*** Block opens ***

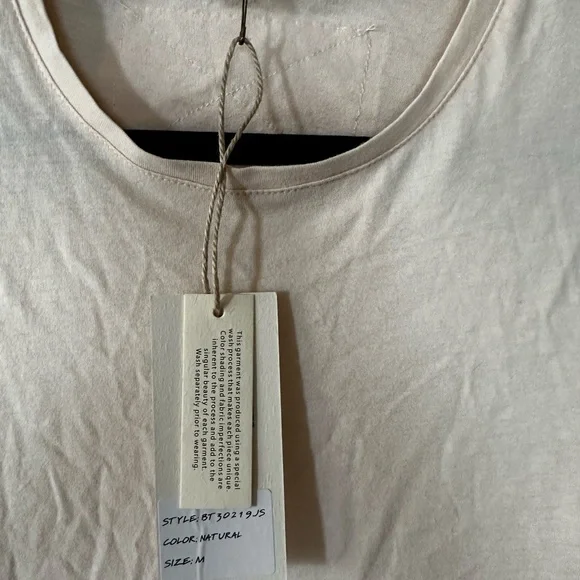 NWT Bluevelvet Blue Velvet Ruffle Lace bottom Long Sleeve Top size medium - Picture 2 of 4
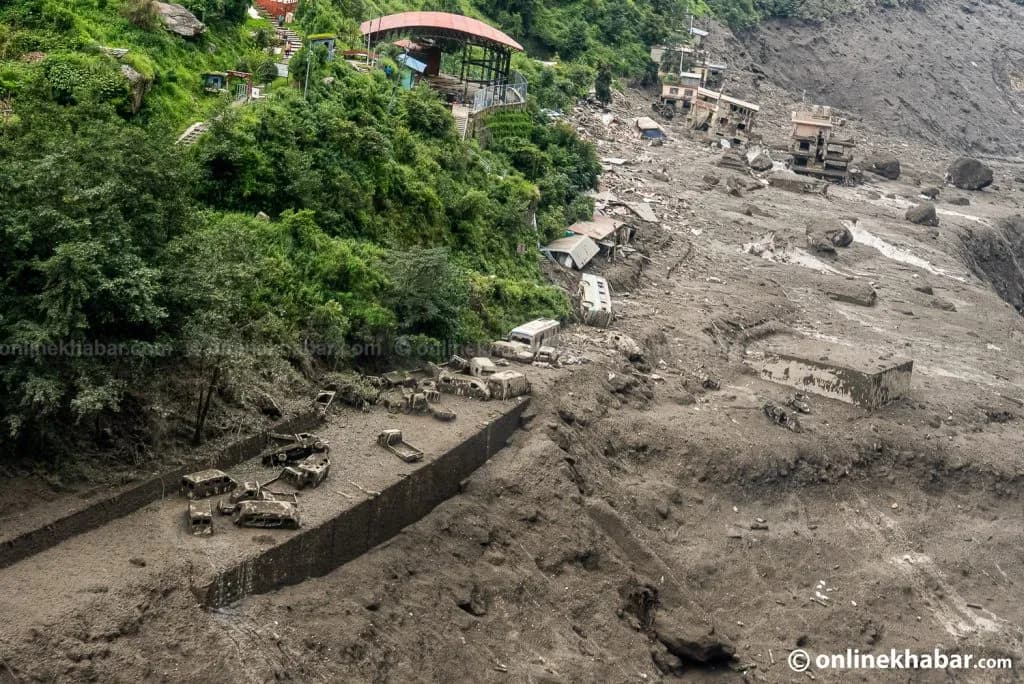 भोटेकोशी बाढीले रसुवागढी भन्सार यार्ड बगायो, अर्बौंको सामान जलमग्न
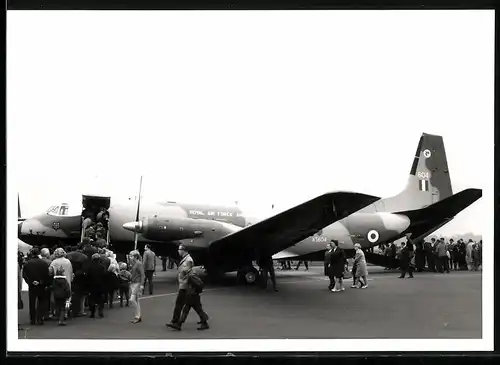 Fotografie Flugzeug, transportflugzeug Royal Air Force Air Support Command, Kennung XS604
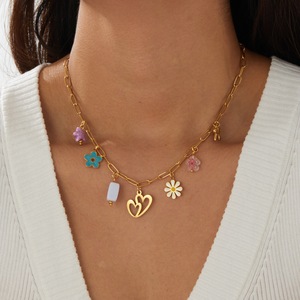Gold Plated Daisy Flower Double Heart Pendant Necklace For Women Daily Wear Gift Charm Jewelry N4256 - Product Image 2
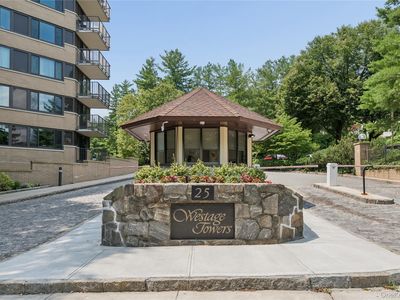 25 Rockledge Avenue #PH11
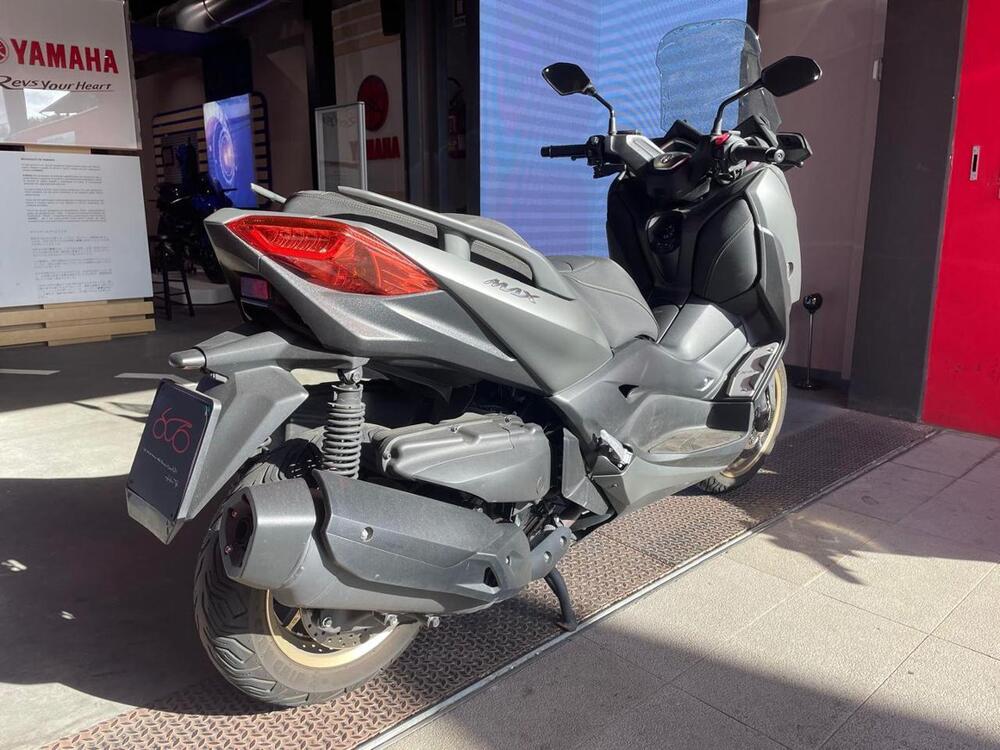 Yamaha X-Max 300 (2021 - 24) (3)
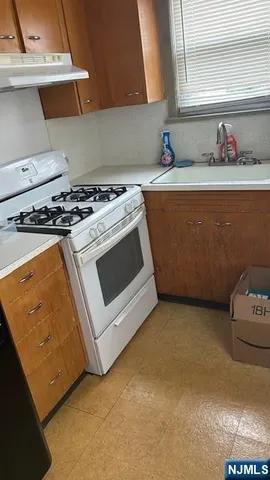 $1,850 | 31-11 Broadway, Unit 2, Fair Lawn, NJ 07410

*** Block closes ***

◆ Exercise brief:
All lines from the one containing "Yamaha X-Max 300 (2021 - 24) (3)" to the end of the entries should appear in the output exactly as written, with no pictures.

◆ Task response:
 Yamaha X-Max 300 (2021 - 24) (3)
 $1,850 | 31-11 Broadway, Unit 2, Fair Lawn, NJ 07410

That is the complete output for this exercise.